→ Record excerpts:
○ ○ ○ ○ ○
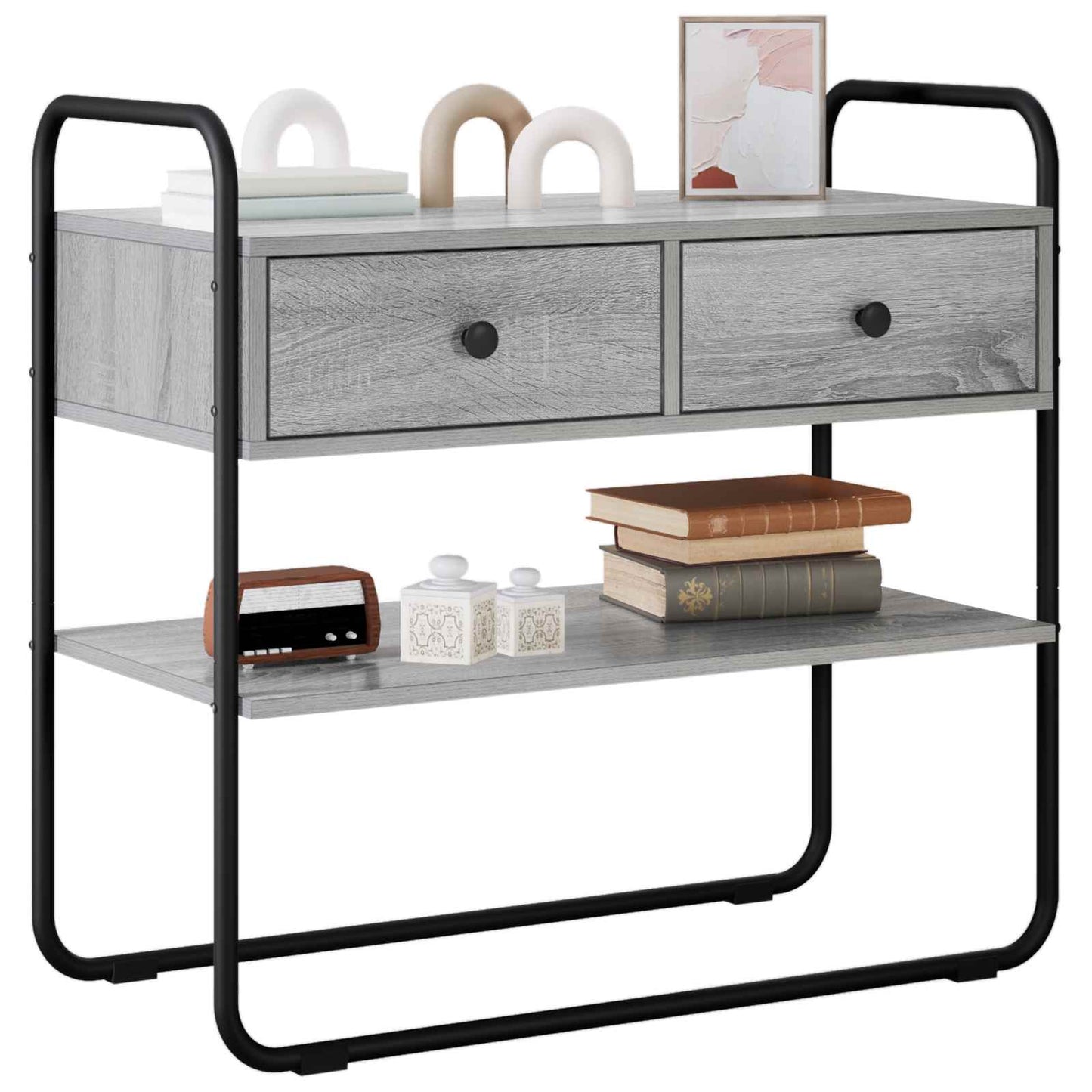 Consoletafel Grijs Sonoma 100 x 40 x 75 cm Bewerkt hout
○ ○ ○ ○ ○
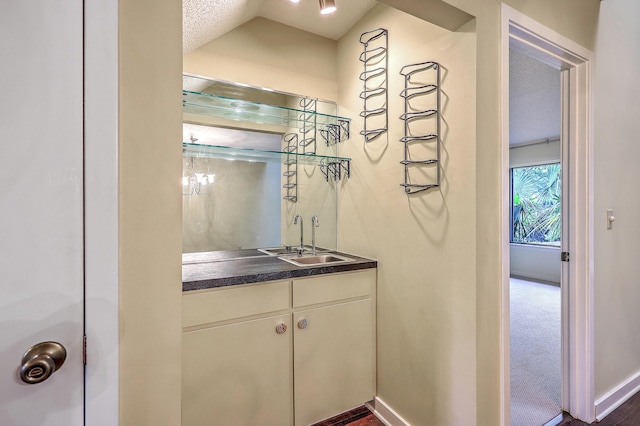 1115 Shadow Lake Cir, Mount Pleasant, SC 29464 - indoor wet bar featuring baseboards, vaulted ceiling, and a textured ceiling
○ ○ ○ ○ ○
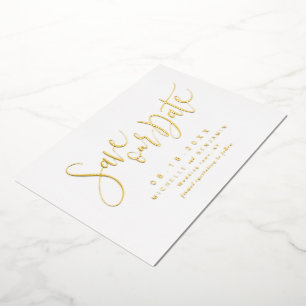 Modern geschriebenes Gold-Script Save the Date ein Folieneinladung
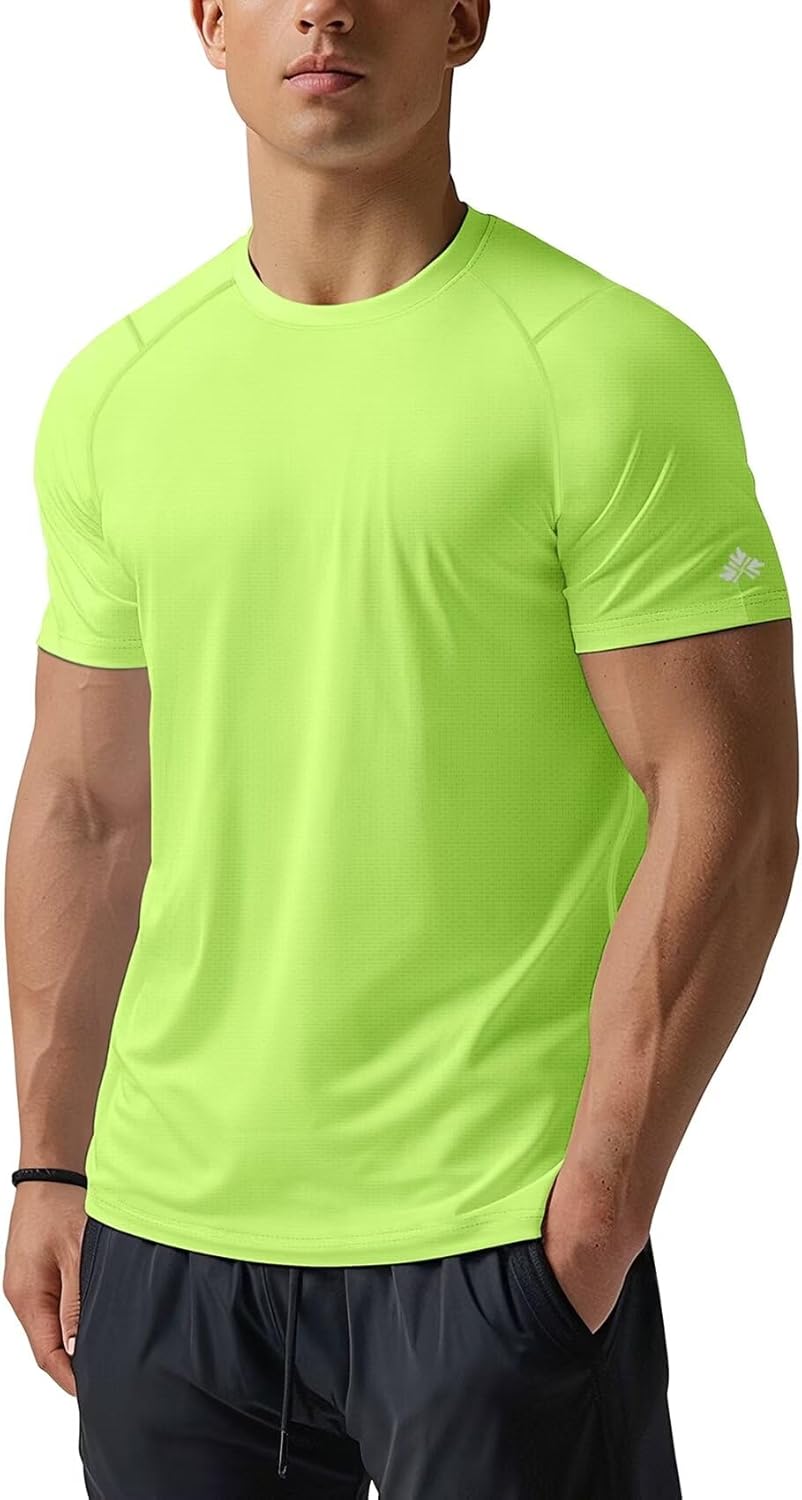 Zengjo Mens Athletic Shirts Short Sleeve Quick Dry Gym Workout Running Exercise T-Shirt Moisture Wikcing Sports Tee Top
○ ○ ○ ○ ○
→ Work required:
Could you repeat, exactly, only the lines above starting at the one that has "Modern geschriebenes Gold-Script" and stopping after the one that has "Zengjo Mens Athletic", without the pictures?

→ Problem solution:
 Modern geschriebenes Gold-Script Save the Date ein Folieneinladung
 Zengjo Mens Athletic Shirts Short Sleeve Quick Dry Gym Workout Running Exercise T-Shirt Moisture Wikcing Sports Tee Top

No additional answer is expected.